[[ Dataset section open ]]

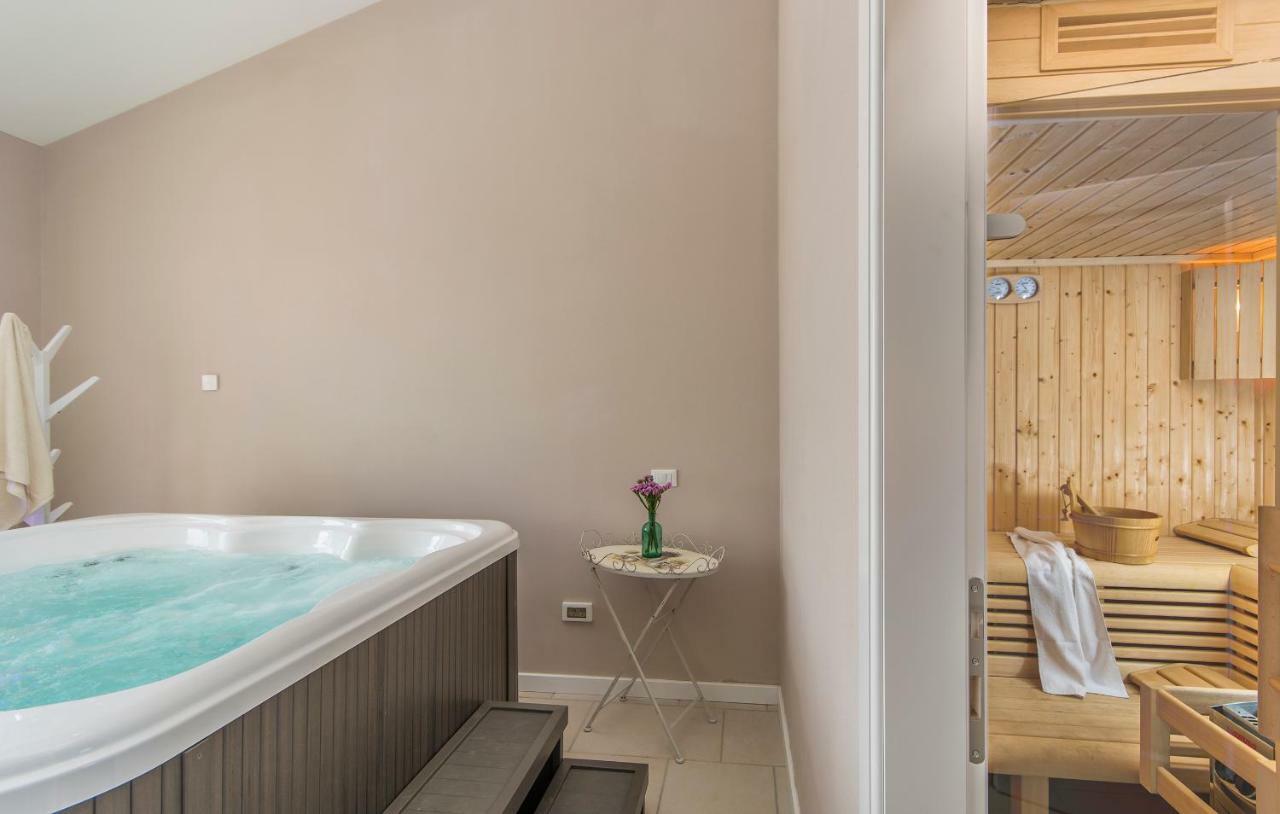 Villa Sterpazzi - Near Porec With Sea View, Private Jacuzzi, Sauna And Pool Visnjan Bagian luar foto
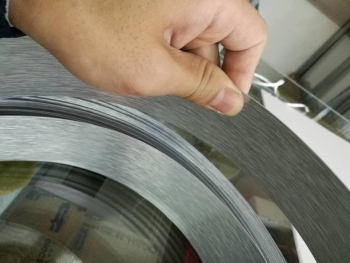 Gờ bạc xước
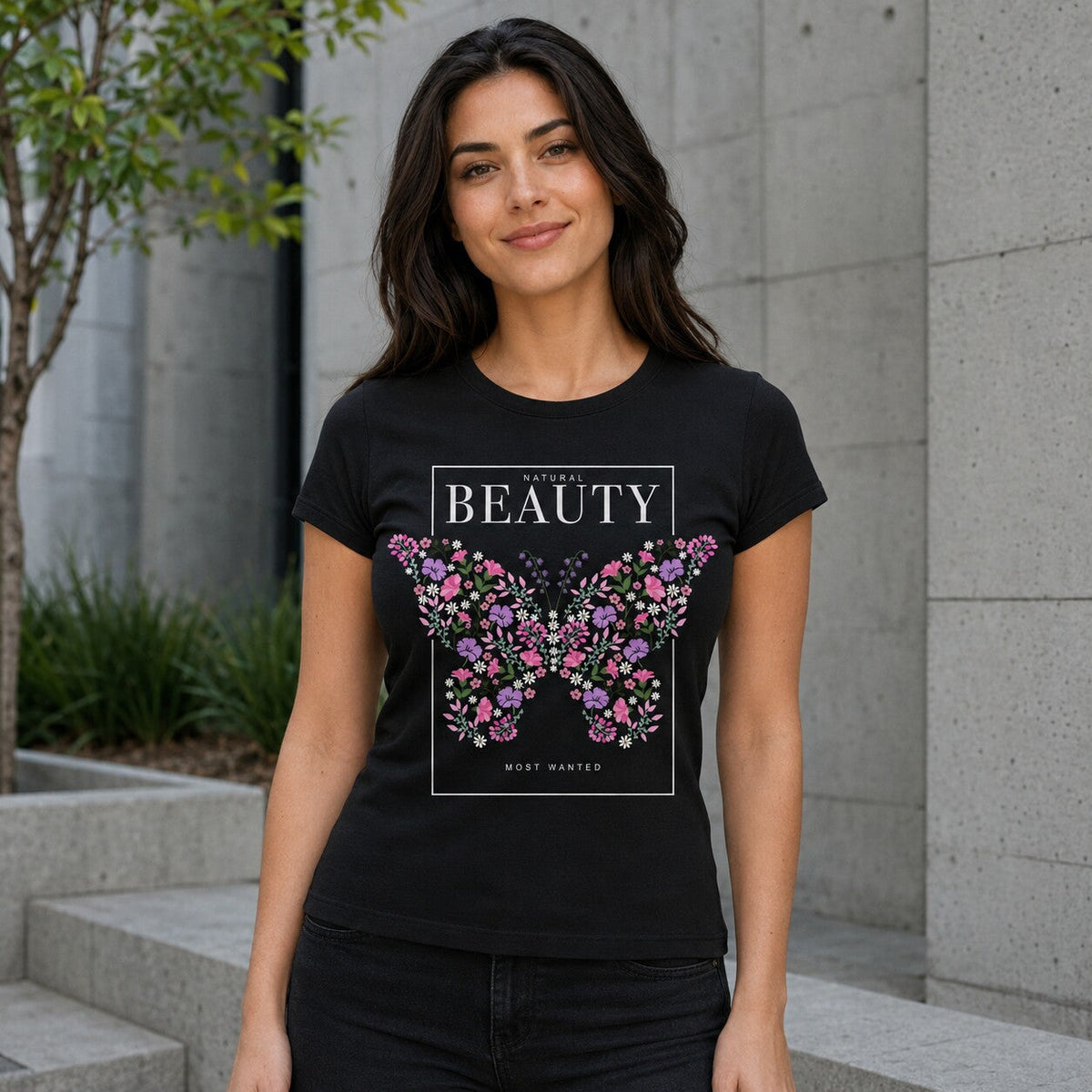 Weibliches Model trägt das schwarze Beauty T-Shirt von Level Ten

[[ Dataset section closed ]]

* Aim of the task: Exactly repeat only the lines from the one with "Gờ bạc xước" to the closing line above, both included, and omit every picture.

* Task answer:
 Gờ bạc xước
 Weibliches Model trägt das schwarze Beauty T-Shirt von Level Ten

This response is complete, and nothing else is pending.